PROVIDED MATERIAL
************

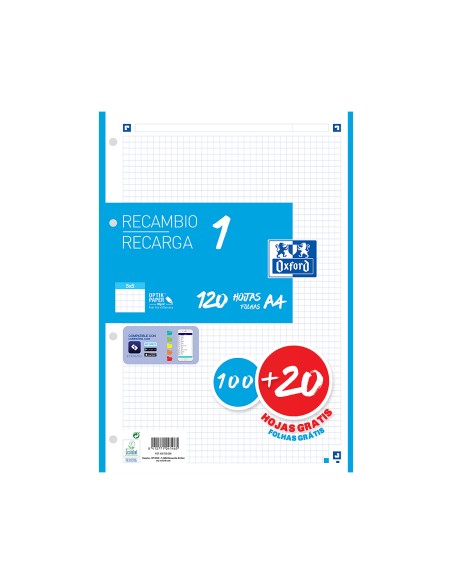 400158058 papel de cuaderno 210 x 297 mm (A4) 120 hojas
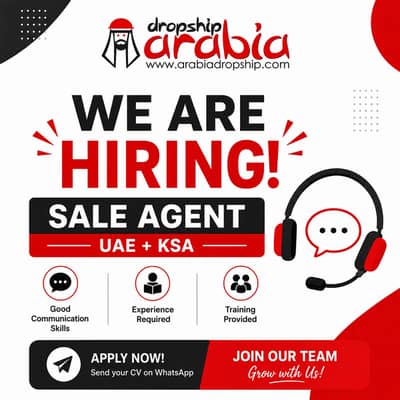 Arabia Drop Shipping is hiring a Sale Agent to join our growing team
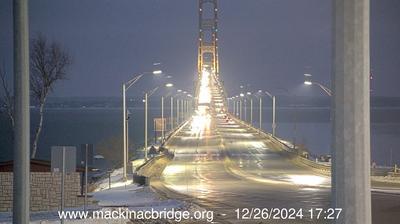 Southwestern view of the Mackinac Bridge traversing the Straits of Mackinac. // Image captured at: 2024-12-26 22:27:39 UTC (about 6 min. prior to this post) // Current Temp in St. Ignace: 35.96 F | 2.20 C // Precip: overcast clouds // Wind: ESE at 5.749 mph | 9.25 kph // Humidity: 91%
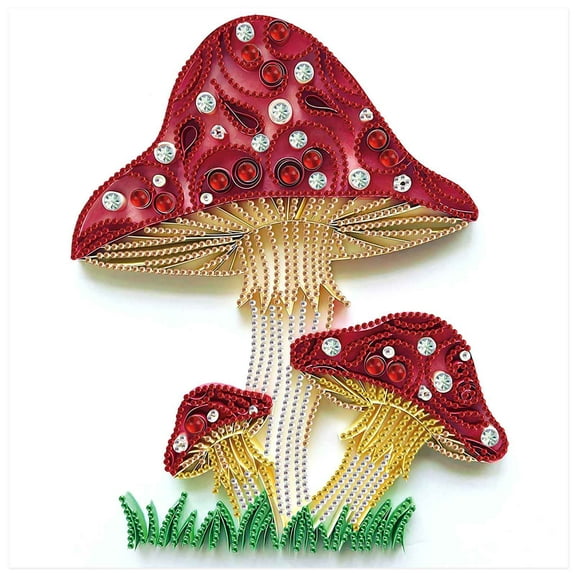 5D DIY Diamond Painting Kit, Mushroom Suitable for Adults Special Diamond DIY Art Kits for Home Decoration and Gift Selection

************

ACTIVITY
Please output the lines from the line that holds "Arabia Drop Shipping" through the final line of the material above, both included. Each line must match exactly, and pictures must be excluded.

OUTPUT
 Arabia Drop Shipping is hiring a Sale Agent to join our growing team
 Southwestern view of the Mackinac Bridge traversing the Straits of Mackinac. // Image captured at: 2024-12-26 22:27:39 UTC (about 6 min. prior to this post) // Current Temp in St. Ignace: 35.96 F | 2.20 C // Precip: overcast clouds // Wind: ESE at 5.749 mph | 9.25 kph // Humidity: 91%
 5D DIY Diamond Painting Kit, Mushroom Suitable for Adults Special Diamond DIY Art Kits for Home Decoration and Gift Selection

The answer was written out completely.